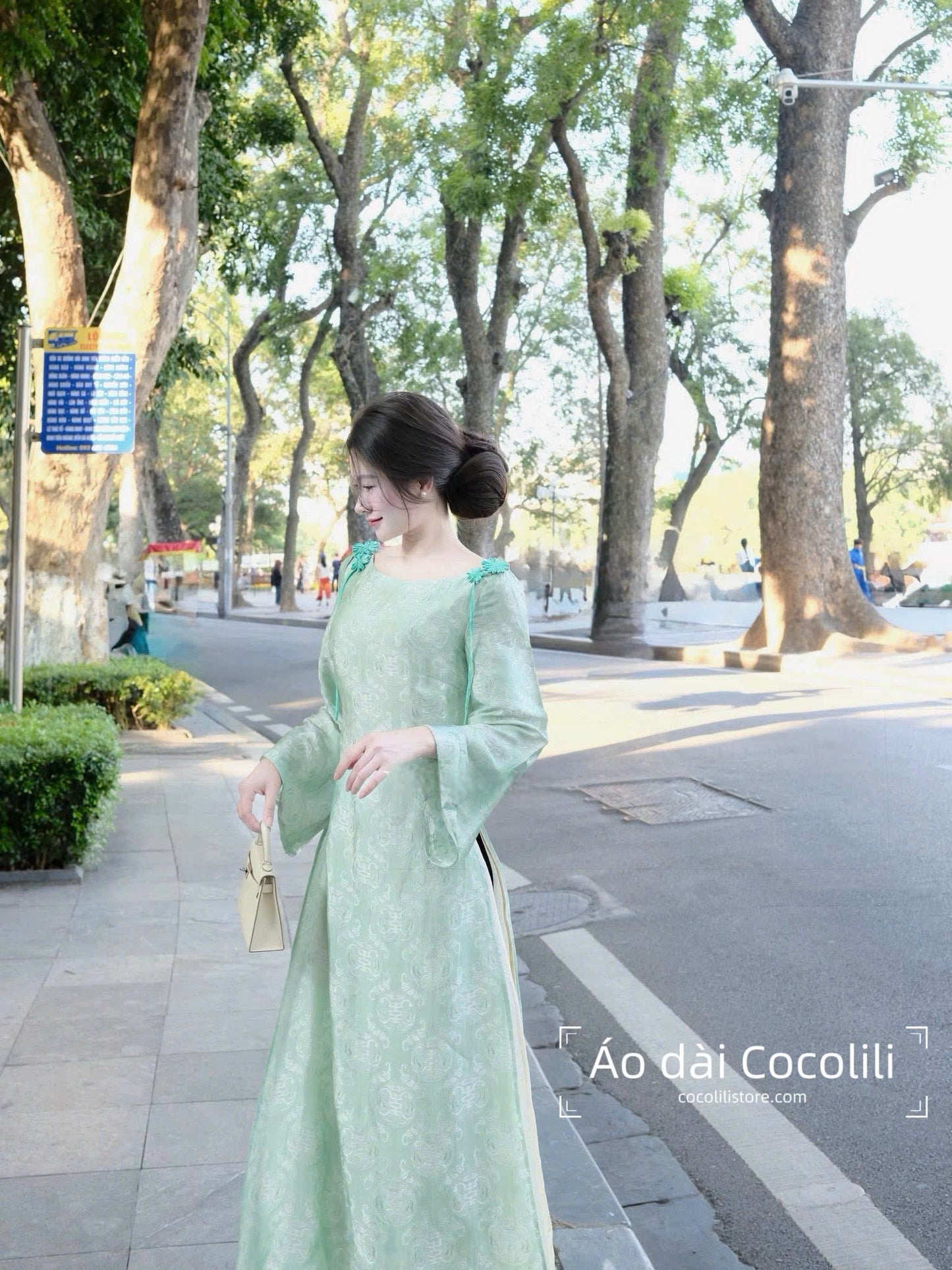 HD47 Áo only no pants - Áo dài dáng suông 4 tà lụa nha xá (nơ màu xanh lá mạ)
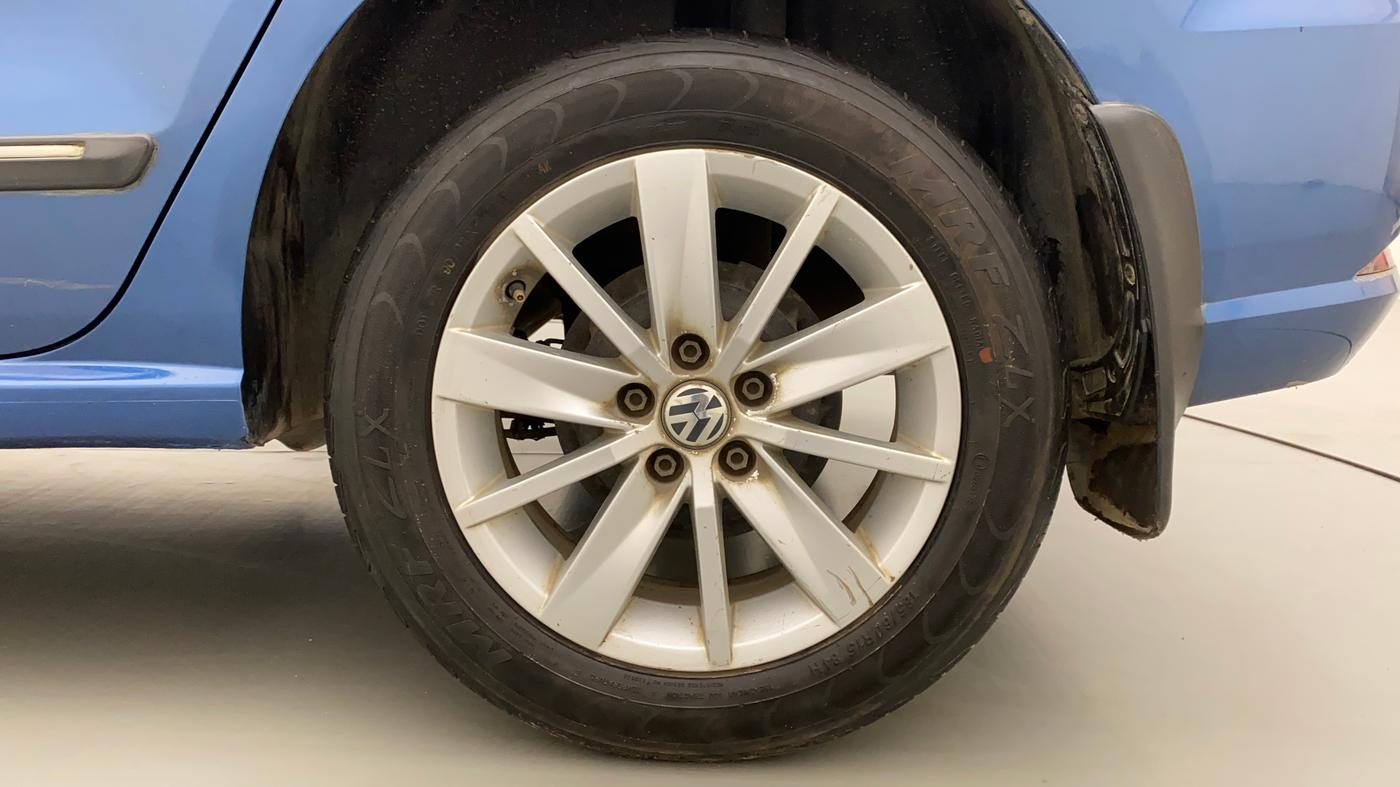 2016 Volkswagen Ameo HIGHLINE1.5L, Diesel, Manual, 1,17,305 km, Left Rear Wheel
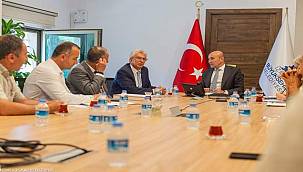 Başkan Soyer dolu mağdurları ile buluştu: "Elimizden ne geliyorsa yapacağız"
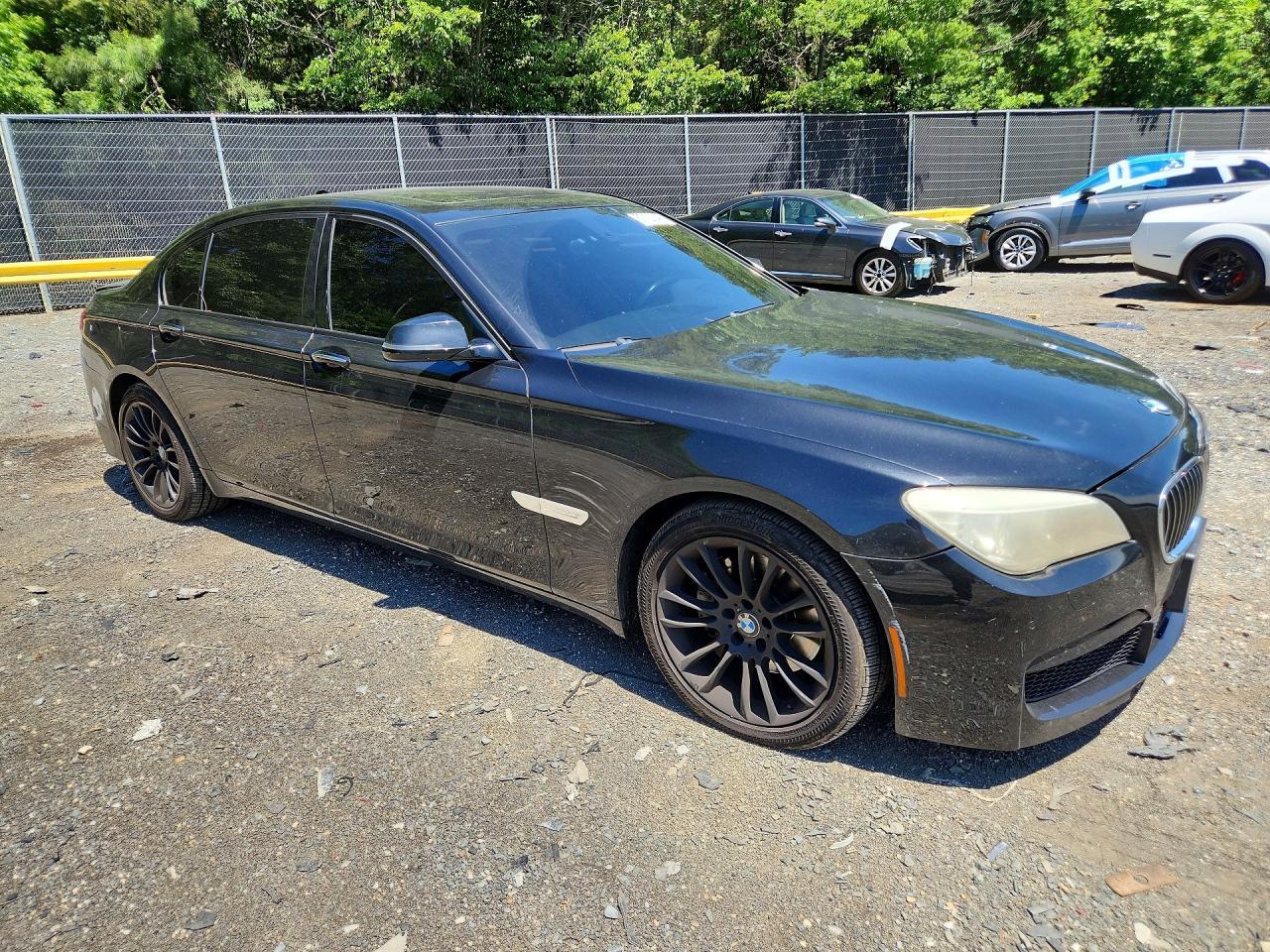 2015 BMW Seria 7 740Li - zdjęcie 4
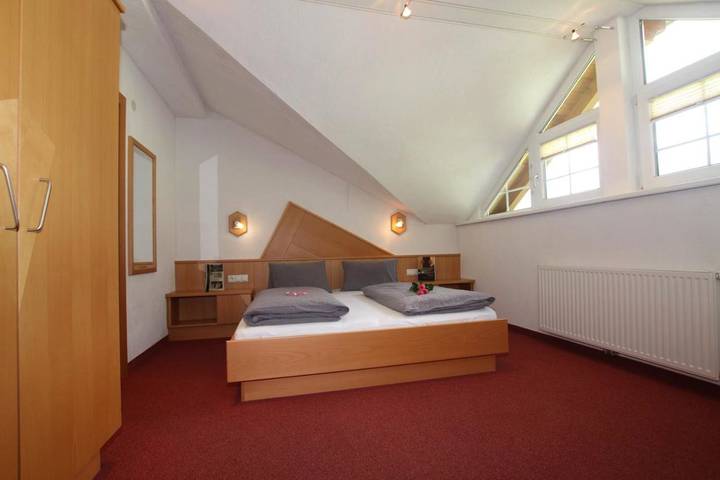 Ferienwohnung für 4 Personen, mit Ausblick und Balkon in Kaunertal - 2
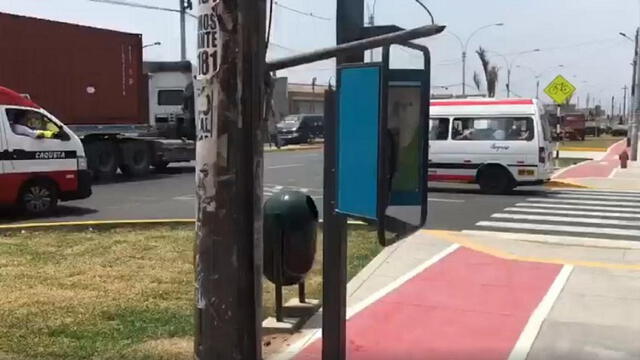 Av. Argentina: postes y cabinas telefónicas bloquean ciclovía remodelada por MML [VIDEO] 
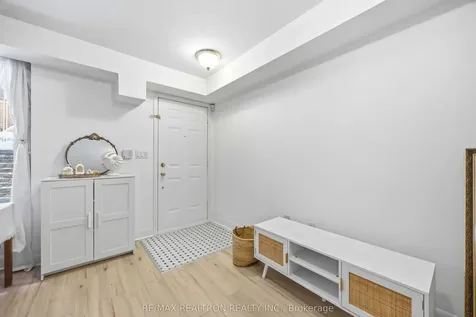 415 Jarvis Street Toronto ON M4Y 3C1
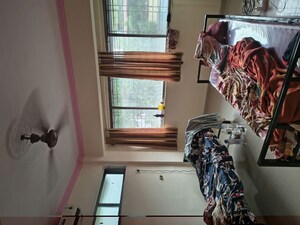 Room in 1 BHK Apartment at Kurla West – for Rent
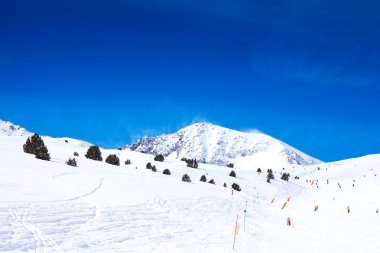 dağlarda Kayak yamacı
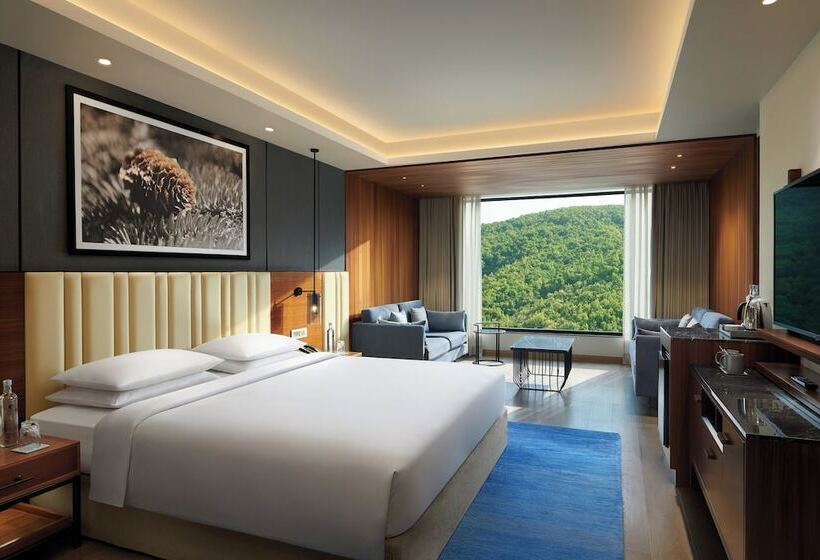 هتل Hyatt Regency Dehradun Resort And Spa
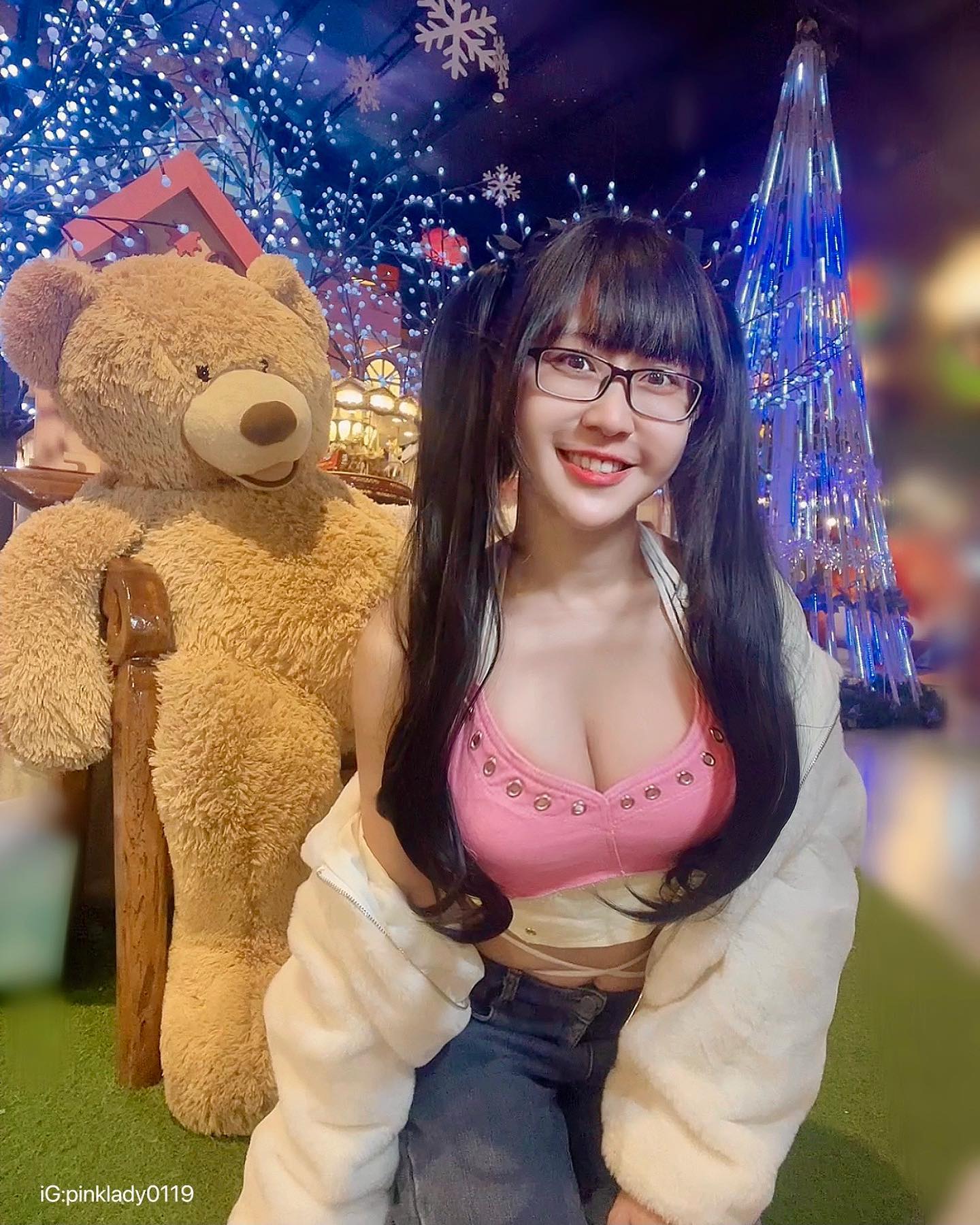 白嫩奶妹「賴粉紅」渾圓嫩乳雪白露出，甜美臉蛋+銷魂身材看起來「好可口」-第1章-图片9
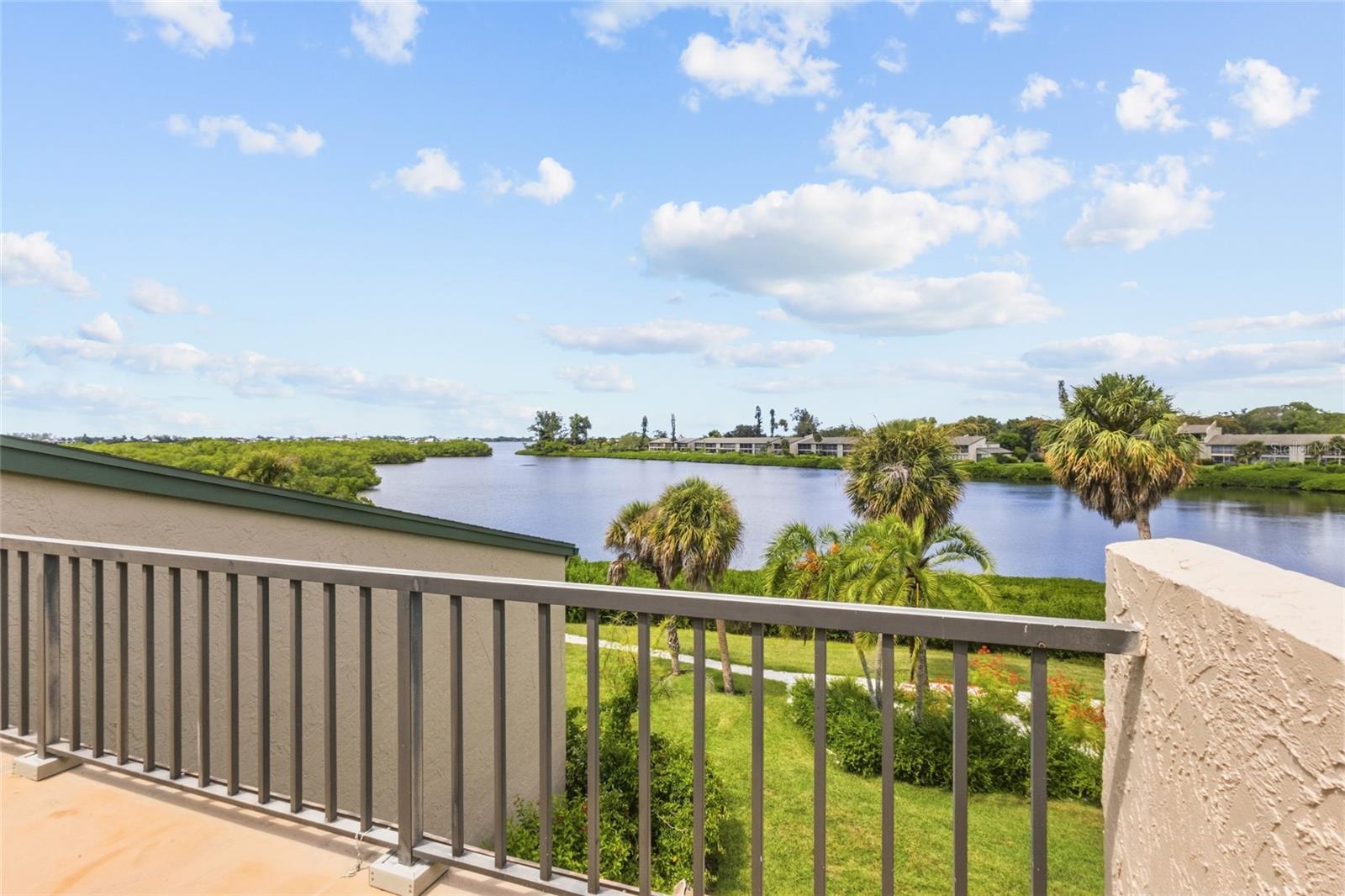 1601 BAYHOUSE POINT DR #204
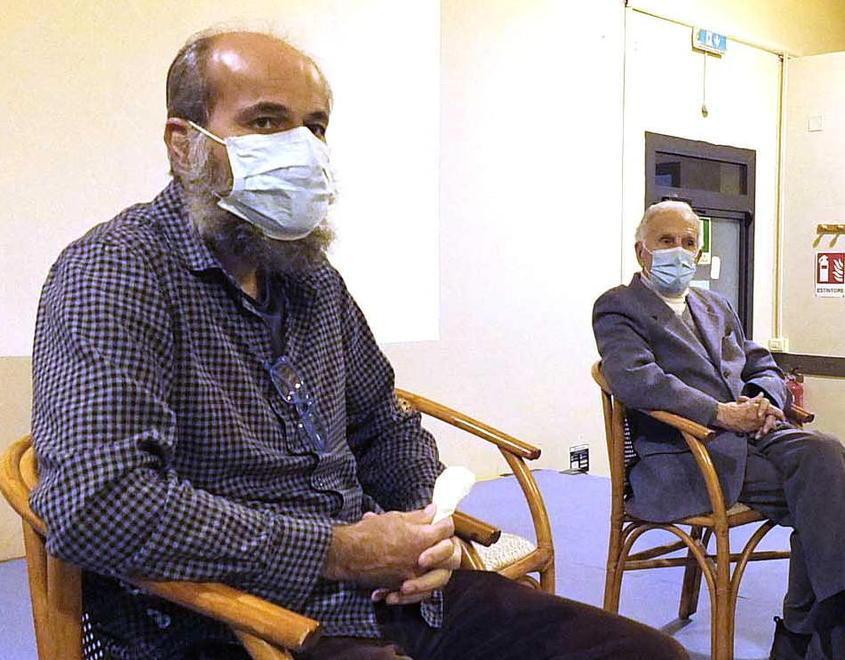 Da sinistra il dottor Paolo Malacarne e il professor Silvio Garattini (FOTO FABIO MUZZI)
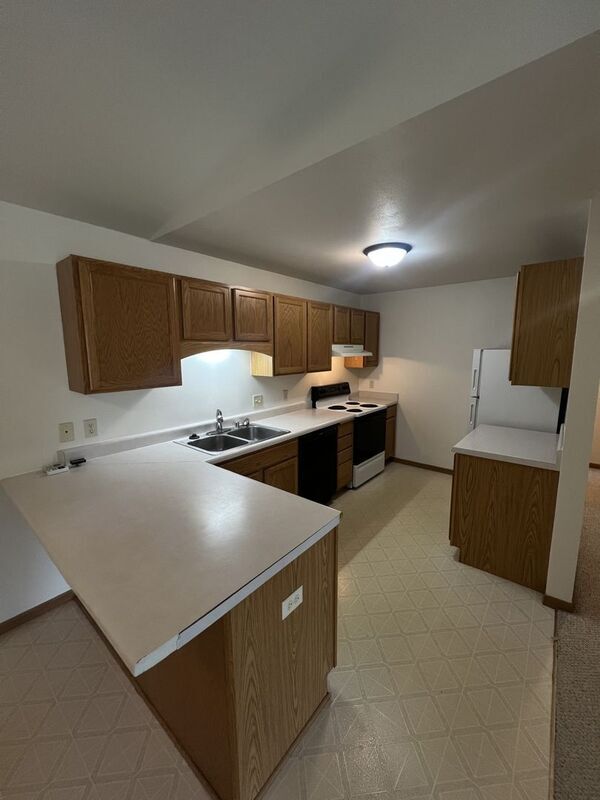 Photo - 700 Creek Rd Unit #3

===============

● ACTIVITY
With the pictures removed, print only the lines starting at the line that has "Başkan Soyer dolu" and ending at the line that has "1601 BAYHOUSE POINT DR #204", both ends included, exactly as they stand above.

● THE COMPLETED TASK
 Başkan Soyer dolu mağdurları ile buluştu: "Elimizden ne geliyorsa yapacağız"
 2015 BMW Seria 7 740Li - zdjęcie 4
 Ferienwohnung für 4 Personen, mit Ausblick und Balkon in Kaunertal - 2
 Av. Argentina: postes y cabinas telefónicas bloquean ciclovía remodelada por MML [VIDEO] 
 415 Jarvis Street Toronto ON M4Y 3C1
 Room in 1 BHK Apartment at Kurla West – for Rent
 dağlarda Kayak yamacı
 هتل Hyatt Regency Dehradun Resort And Spa
 白嫩奶妹「賴粉紅」渾圓嫩乳雪白露出，甜美臉蛋+銷魂身材看起來「好可口」-第1章-图片9
 1601 BAYHOUSE POINT DR #204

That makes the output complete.